Are you just looking to try one before you buy?


----------



## dunfyguy (May 25, 2009)

yeh grawschbags


----------



## Grawschbags (Apr 15, 2010)

You're welcome to come through to Bathgate and give mine a whirl if that's all you're looking for.

I wouldn't want to just loan it out to someone I don't know though.


----------



## dunfyguy (May 25, 2009)

yeh fully appreciate that, where in bathgate are u?


----------



## Grawschbags (Apr 15, 2010)

I'm just outside Bathgate in Blackburn mate (the home of SuBo). More folk have heard of Bathgate. 
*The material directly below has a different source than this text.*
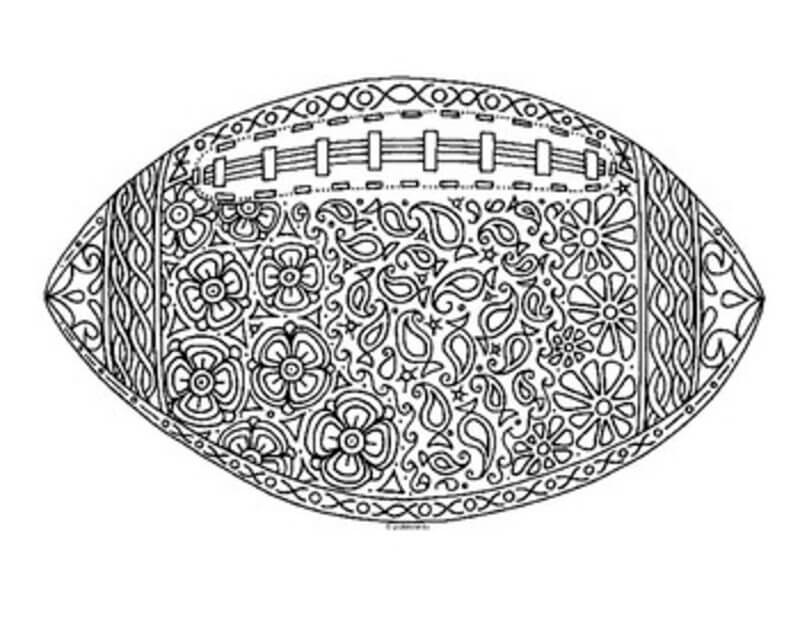 Fußball-Zentangle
I don't have a garage though so it would have to be a reasonably nice day.


----------



## Ravinder (Jul 24, 2009)

I can lend you mine as long as I can learn as well. It's new and not used yet! And I'm only 10 minutes from you.


----------



## dunfyguy (May 25, 2009)

what one u got ravinder?


----------



## Ravinder (Jul 24, 2009)

DAS Pro.


----------



## dunfyguy (May 25, 2009)

that offer of a loan still going ravinder? u got any pads as well?


----------



## Ravinder (Jul 24, 2009)

Yes mate. I have a few pads, yes. I haven't used my DA yet or pads obviously so it's all brand new! I was gonna give it a go on the Rover in about 3 weeks when I had some time off work but you can have a go if you like. I don't mind seeing it in action! Were you at the recent Fife meet?


----------



## darren1229 (Jun 8, 2012)

Ravinder said:


> Yes mate. I have a few pads, yes. I haven't used my DA yet or pads obviously so it's all brand new! I was gonna give it a go on the Rover in about 3 weeks when I had some time off work but you can have a go if you like. I don't mind seeing it in action! Were you at the recent Fife meet?


any luck using the new DA?


----------



## Ravinder (Jul 24, 2009)

Not used it yet! Never have time. Work constantly but I'm off soon so will give it a go then.


----------